[R] Nonparametric MANOVA [RESOLVED]
Rich Shepard
rshepard at appl-ecosys.com
Tue May 13 17:09:56 CEST 2014
On Tue, 13 May 2014, Cade, Brian wrote:
> Your use of the term MANOVA suggests a multivariate response (Y).
> If what you really have is multiple factors (predictors), then this is a
> different modeling construct (multiple regression) and it would seem
> nonpartest() is not appropriate.
Brian,
You are, of course, correct. I've not before had occasion to think of
MANOVA as a tool so I was ignorant until Don and you educated me. That's
much appreciated.
> I've been analyzing water quality constituents (one at a time as a
> univariate response) with multiple predictors (I'm using years, seasons
> within years, stream flow, location within watershed but anything you
> might include in a regression model could be included) in linear quantile
> regression (quantreg package).
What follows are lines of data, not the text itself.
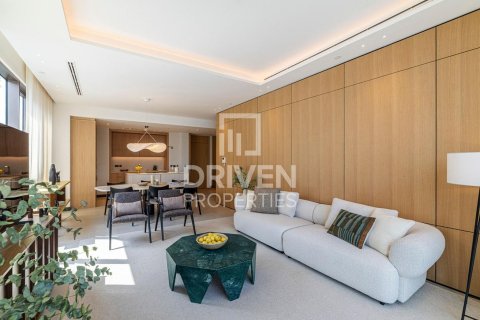 Apartment in Al Wasl, Dubai 3 bedrooms, 186.55 sq.m. № 135937 - photo 15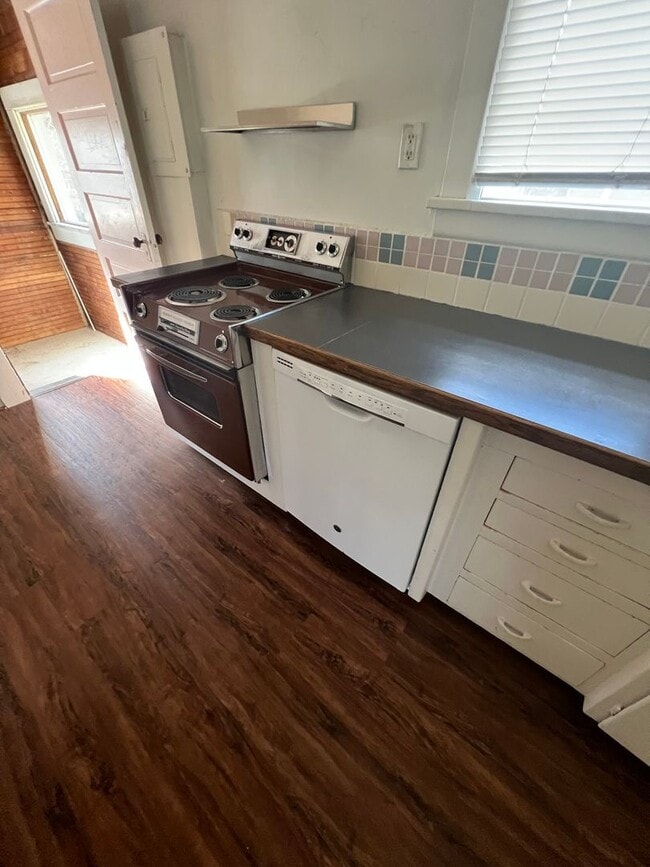 Foto del edificio - 905 NE Lake St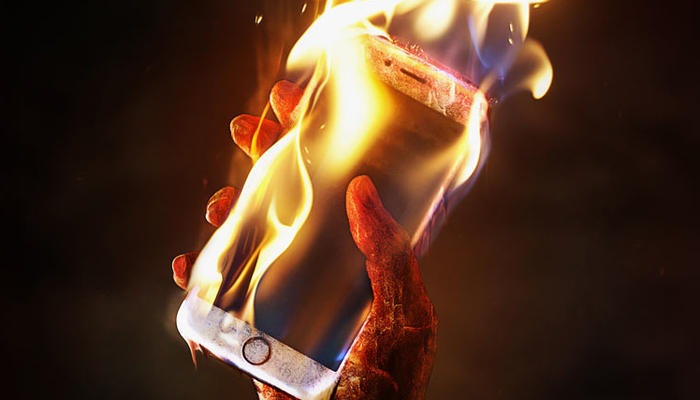 ปัญหาสมาร์ทโฟนเครื่องร้อน เรื่องใกล้ตัวที่ควรระวัง gadgetมาใหม่ อัพเดทโลกไซเบอร์ ปัญหาสมาร์ทโฟนเครื่องร้อน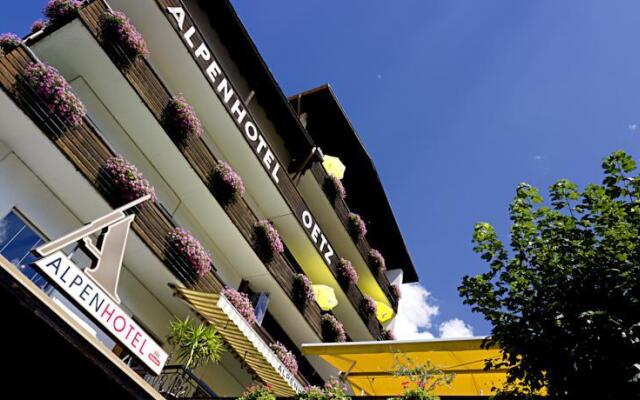 Отель Alpenhotel вид на фасад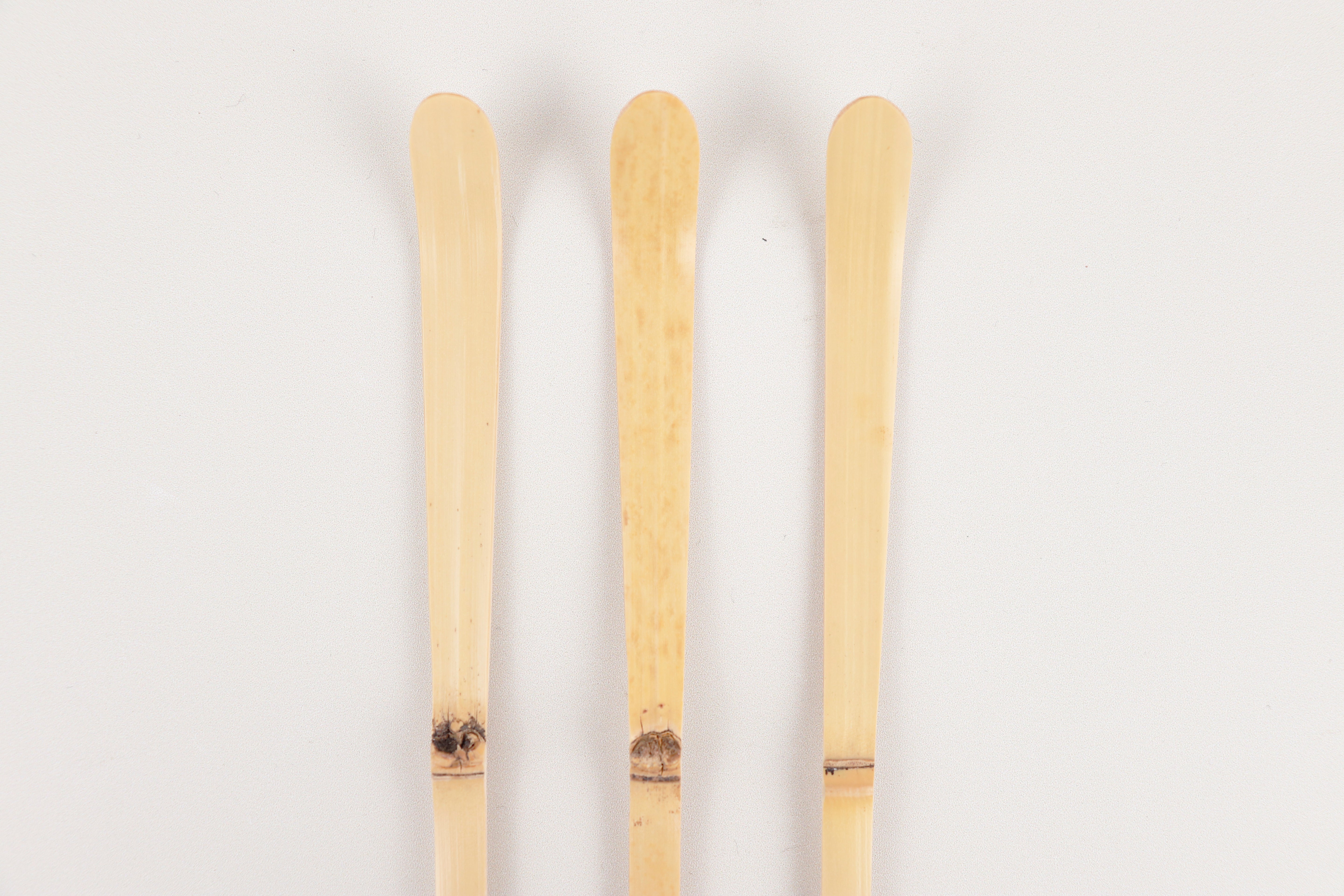 White bamboo tea scoop | TAKAYAMA NARA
This is a semiparametric approach in the
> sense that I don't have to make any assumption about a particular
> distributional form of the error distribution since estimating the
> quantiles is estimating the inverse of an empirical cumulative
> distribution, but all the predictors have parameters associated with them.
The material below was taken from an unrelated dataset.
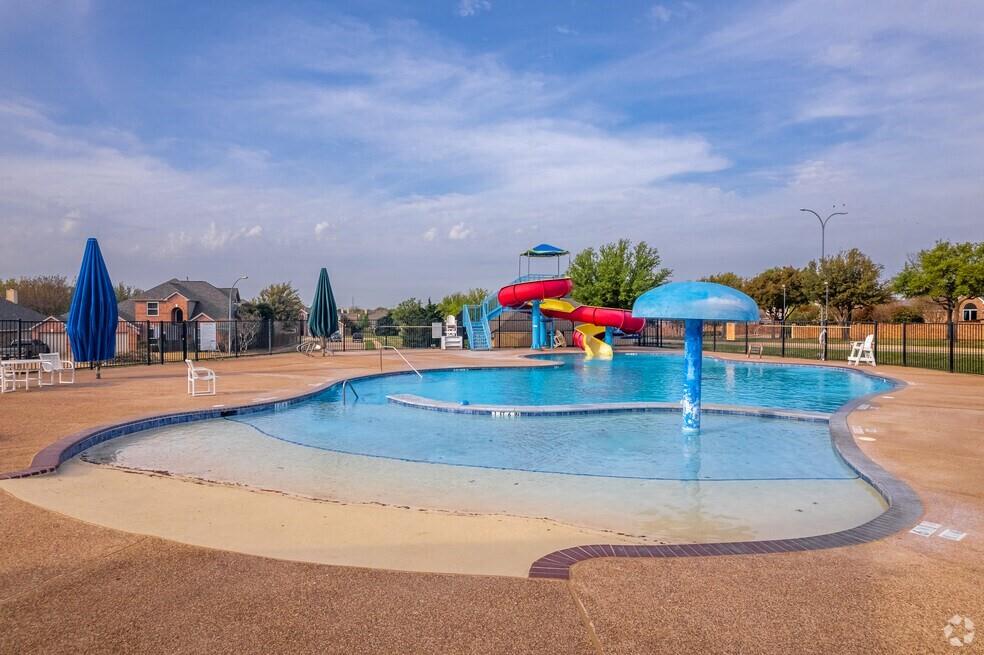 Villages Of Woodland Spgs W - Residential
> You can include contrasts for categorical predictors, interactions, etc.
> You also could relax the linear additive model by using smoothing
> functions (e.g., b-splines) on the predictors.
Late yesterday I realized that what I really need is some form of
regression model. Your comments above are very helpful and I will now head
down this path.
Thanks very much,
Rich
--
Richard B. Shepard, Ph.D. | Technically sound and legally defensible
Applied Ecosystem Services, Inc. | ... guaranteed.